■ **Goal of the exercise**: When you reproduce the data, keep every word exactly as it stands and leave the pictures out.

■ **Data shown**:
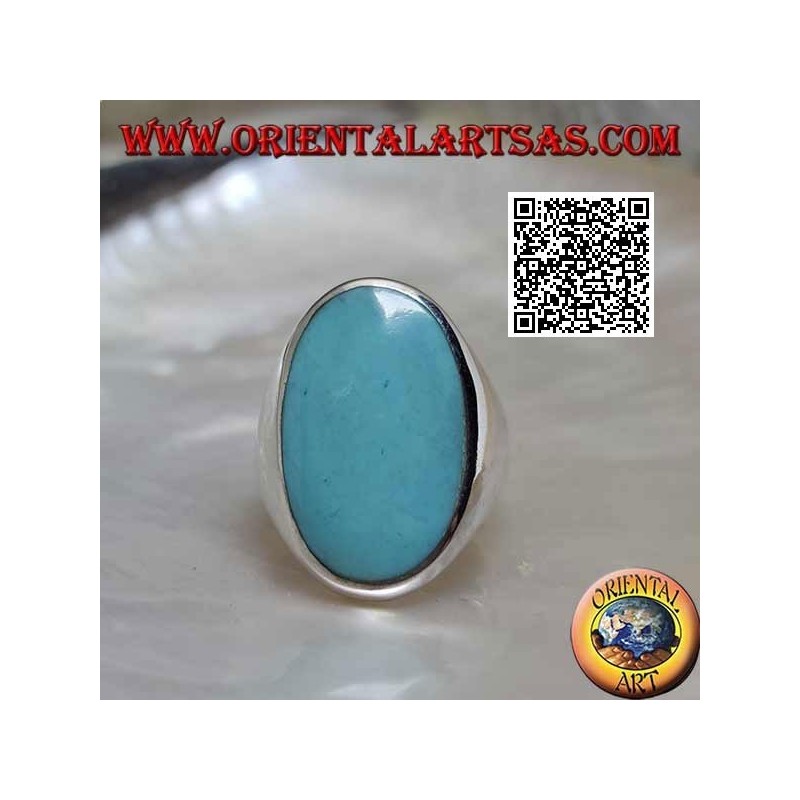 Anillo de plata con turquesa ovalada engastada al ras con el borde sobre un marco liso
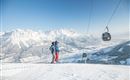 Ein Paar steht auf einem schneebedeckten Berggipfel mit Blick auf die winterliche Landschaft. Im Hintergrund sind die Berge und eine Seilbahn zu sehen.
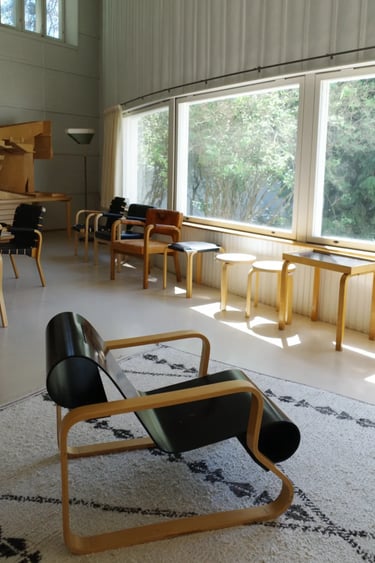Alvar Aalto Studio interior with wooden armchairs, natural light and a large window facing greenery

■ **Reply**:
 Anillo de plata con turquesa ovalada engastada al ras con el borde sobre un marco liso
 Ein Paar steht auf einem schneebedeckten Berggipfel mit Blick auf die winterliche Landschaft. Im Hintergrund sind die Berge und eine Seilbahn zu sehen.
Alvar Aalto Studio interior with wooden armchairs, natural light and a large window facing greenery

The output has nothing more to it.